Now that the preprocessor, ResNet 50 featurizer, and the classifier have been loaded, save the graph and associated variables as a model.

model_name = "resnet50"
model_save_path = os.path.join(save_path, model_name)
print("Saving model in {}".format(model_save_path))

with tf.Session() as sess:
    model_graph.restore_weights(sess)
    tf.saved_model.simple_save(sess, model_save_path,
                               inputs={'images': in_images},
                               outputs={'output_alias': classifier_output})

Save input and output tensors

The input and output tensors that were created during the preprocessing and classifier steps will be needed for model conversion and inference.

input_tensors = in_images.name
output_tensors = classifier_output.name

print(input_tensors)
print(output_tensors)

Important

Save the input and output tensors because you will need them for model conversion and inference requests.

The available models and the corresponding default classifier output tensors are below, which is what you would use for inference if you used the default classifier.

  • Resnet50, QuantizedResnet50
    output_tensors = "classifier_1/resnet_v1_50/predictions/Softmax:0"
    
  • Resnet152, QuantizedResnet152
    output_tensors = "classifier/resnet_v1_152/predictions/Softmax:0"
    
  • Densenet121, QuantizedDensenet121
    output_tensors = "classifier/densenet121/predictions/Softmax:0"
    
  • Vgg16, QuantizedVgg16
    output_tensors = "classifier/vgg_16/fc8/squeezed:0"
    
  • SsdVgg, QuantizedSsdVgg
    output_tensors = ['ssd_300_vgg/block4_box/Reshape_1:0', 'ssd_300_vgg/block7_box/Reshape_1:0', 'ssd_300_vgg/block8_box/Reshape_1:0', 'ssd_300_vgg/block9_box/Reshape_1:0', 'ssd_300_vgg/block10_box/Reshape_1:0', 'ssd_300_vgg/block11_box/Reshape_1:0', 'ssd_300_vgg/block4_box/Reshape:0', 'ssd_300_vgg/block7_box/Reshape:0', 'ssd_300_vgg/block8_box/Reshape:0', 'ssd_300_vgg/block9_box/Reshape:0', 'ssd_300_vgg/block10_box/Reshape:0', 'ssd_300_vgg/block11_box/Reshape:0']
    

Register model

Register the model by using the SDK with the ZIP file in Azure Blob storage.
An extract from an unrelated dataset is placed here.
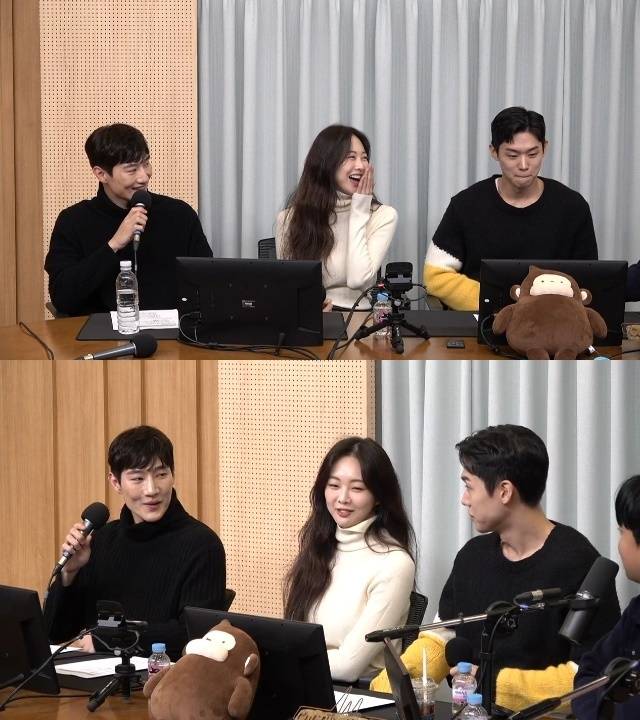 SBS 파워FM ‘두시탈출 컬투쇼’ 캡처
Adding tags and other metadata about the model helps you keep track of your trained models.

from azureml.core.model import Model

registered_model = Model.register(workspace=ws,
                                  model_path=model_save_path,
                                  model_name=model_name)

print("Successfully registered: ", registered_model.name,
      registered_model.description, registered_model.version, sep='\t')

If you've already registered a model and want to load it, you may retrieve it.

from azureml.core.model import Model
model_name = "resnet50"
# By default, the latest version is retrieved. You can specify the version, i.e. version=1
registered_model = Model(ws, name="resnet50")
print(registered_model.name, registered_model.description,
      registered_model.version, sep='\t')

Convert model

Convert the TensorFlow graph to the Open Neural Network Exchange format (ONNX). You will need to provide the names of the input and output tensors, and these names will be used by your client when you consume the web service.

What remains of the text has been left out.